Will rents finally cool down?
There may be some relief for renters, but a return to pre-pandemic prices is unlikely, analysts said.
After record levels of demand for rental housing in 2021, leasing has slowed significantly this year, and price growth is also starting to slow, according to Jay Parsons, chief economist at RealPage, a rental housing software company.
Demand for market-rate rentals was negative in the third quarter, meaning more people were moving out of apartments than into them — the first time this has happened in the typically busy summer months in 30 years, Mr. Parsons said.

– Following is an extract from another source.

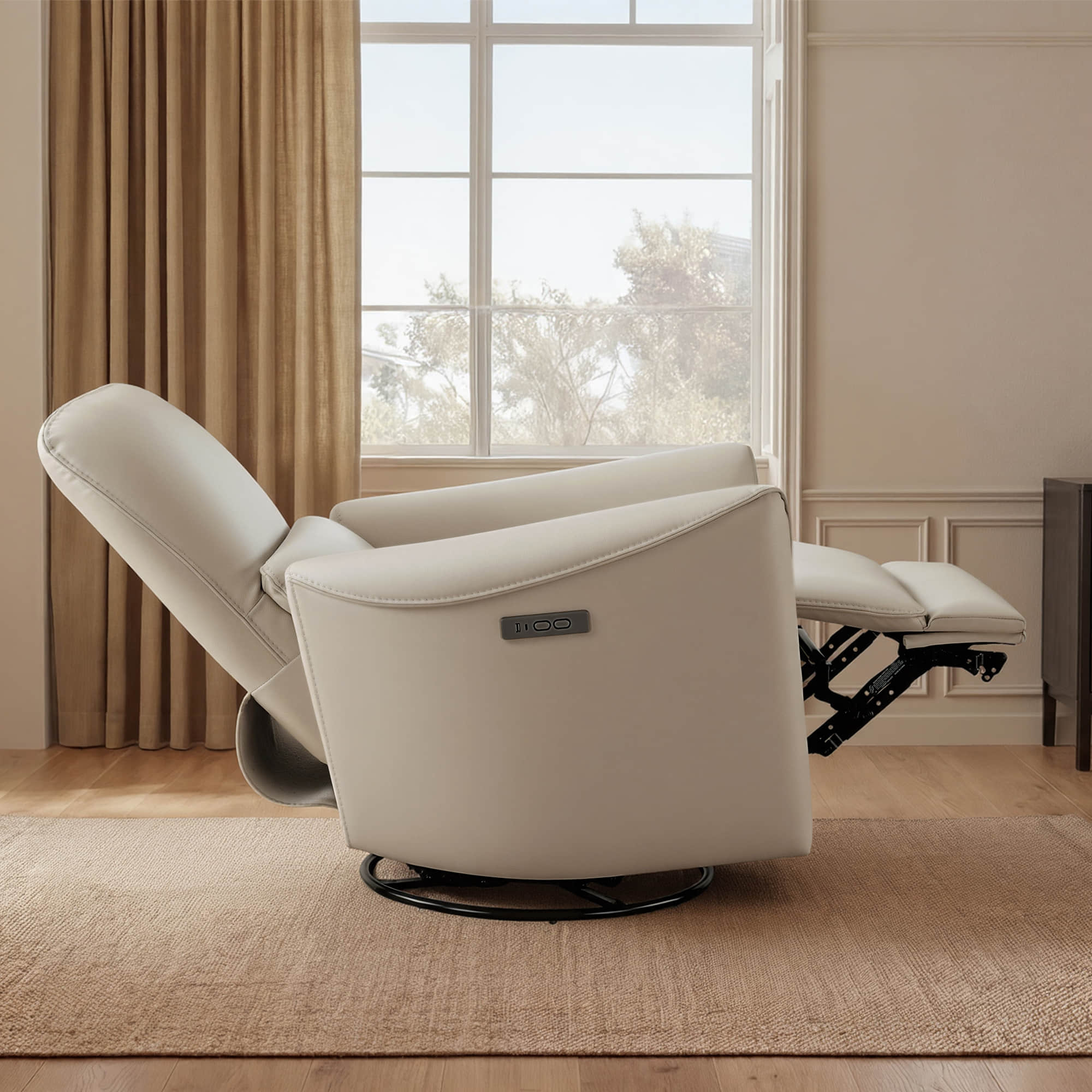 Tracee Power Swivel Nursery Glider Recliner - Image 177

The slowdown led to the first month-on-month decline in prices since December 2020 – down 0.2 percent in September. Still, rents in the national market — $1,797 a month — rose 9 percent from the same month a year ago, in part because inventory remains low.
RealPage predicts that rents in the national market will increase by 3.3 percent next year, which is more in line with typical rent growth.

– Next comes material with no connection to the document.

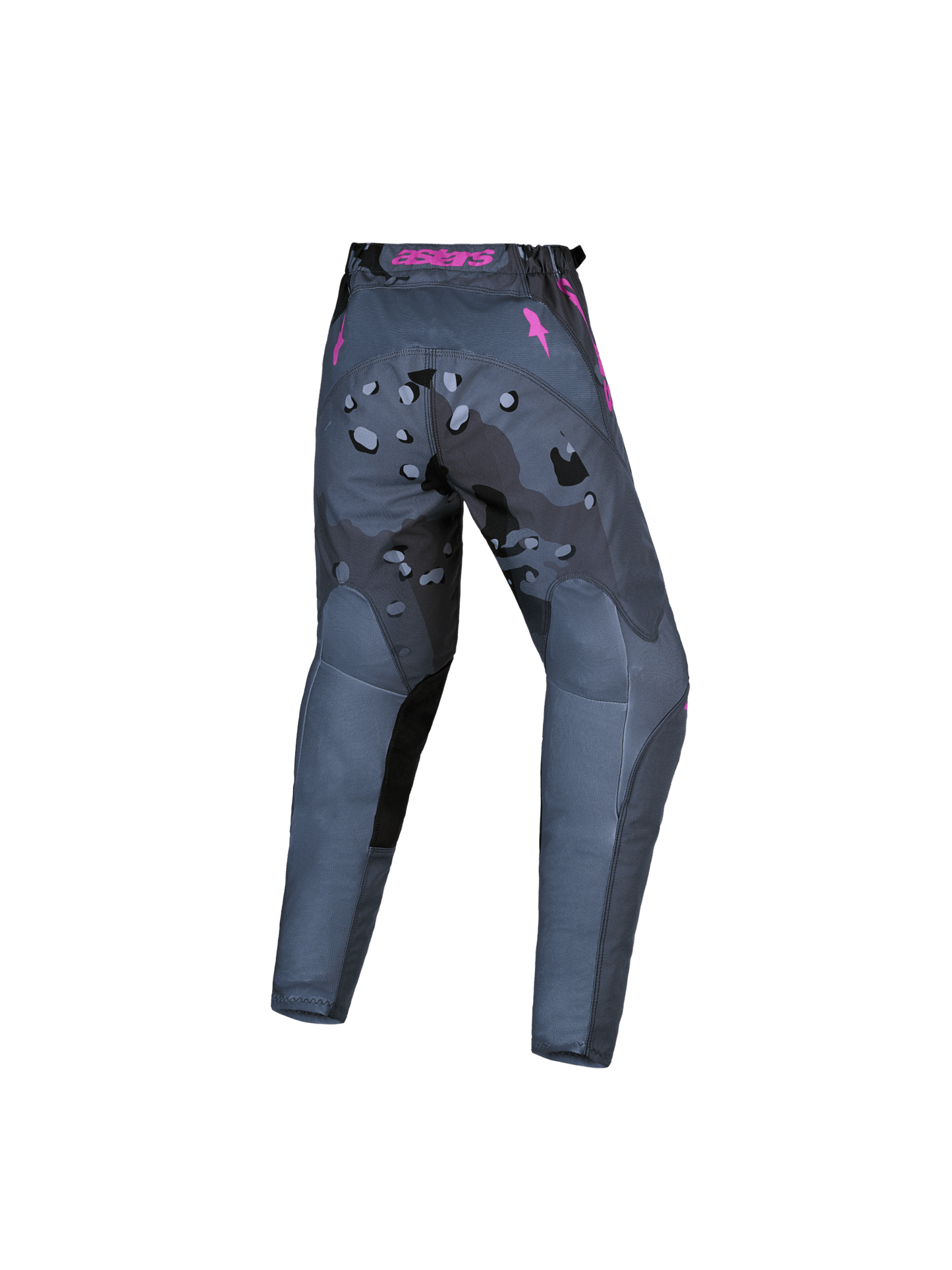 Alpinestars Jeugd Fluid Lone Broek 2027 Grijs Camo Paars - MxProStoreParts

That’s cold comfort for renters in high-cost markets like New York City, where rents are rising outpaced wage growth by 23 percent in August, after adjusting for inflation, according to Kenny Lee, an economist at StreetEasy, a listing website. Aside from the big disruption to real estate at the start of the pandemic, this represents the largest gap since the 2008 financial crisis.
Median rent in September, $3,982, rose nearly 24 percent from a year earlier, though it was down 2 percent from the previous month, according to a report from real estate broker Douglas Elliman. Landlords could have more leverage in the typically slower winter months, said Jon Leckie, a researcher at Rent, a listings portal.
“If you have a couple of months to work and you don’t need to sign now, I would just hold off,” he said.